Lower monthly payments

The main purpose of a loan modification is to lower the monthly payment to a level that the borrower can afford, so that they will be able to stay in their home. This can be done through either a modification to the interest rate, and terms, meaning the length of loan and whether the rate becomes fixed or variable.

Penalties and missed payments

Mortgage loans, as other types of installment loans, are structured so that all payments must be received, on-time, throughout the life of the loan. Any and all missed payments and fees must be caught up for the loan to be considered current. In a loan modification, the fees, and any missed payments, must be accounted for, to get the loan current, and can be incorporated into the modification.
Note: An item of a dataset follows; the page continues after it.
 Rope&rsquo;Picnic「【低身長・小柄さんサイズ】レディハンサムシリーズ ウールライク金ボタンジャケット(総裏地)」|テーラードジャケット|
The structure of a loan modification

Loan modifications can be structured where they either reset the payment for a specific period of time, or make more permanent modifications.
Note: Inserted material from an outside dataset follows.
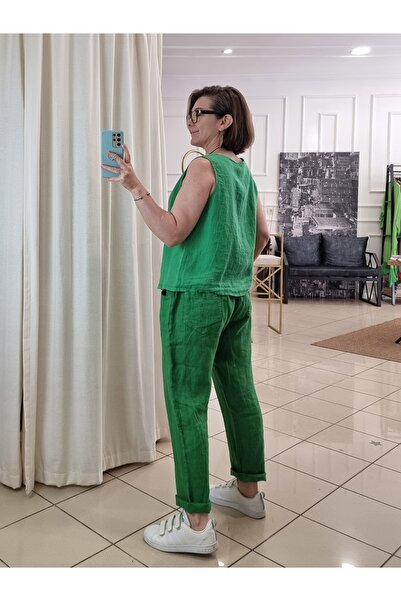 pudubutik 100% Linen Green Vest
Impacts on a borrower’s credit report

A loan modification, depending on how it is structured, and reported to the credit reporting agencies, may or may not have an impact on a borrower’s credit. Late mortgage payments though, independent of any type of loan modification, will always have an adverse impact on a borrower’s credit.

Should borrowers, regardless of their credit, find themselves in a position where they anticipate a payment increase beyond their means, as in the case of an adjustable rate mortgage adjustment, they should contact their lender immediately and explain their situation.

This is to help keep their existing credit intact. Whether they decide to do either a loan modification, or a refinance, avoiding missing and late payments is the goal.

The one instance where there might be an impact on the borrower’s credit would be in the case of a principal reduction, if the lender agrees to it. A principal reduction is considered a write down, in that while the lender has no expectation of recouping this money, it would involve a lower overall cost for them than going through the foreclosure process and having to sell the property.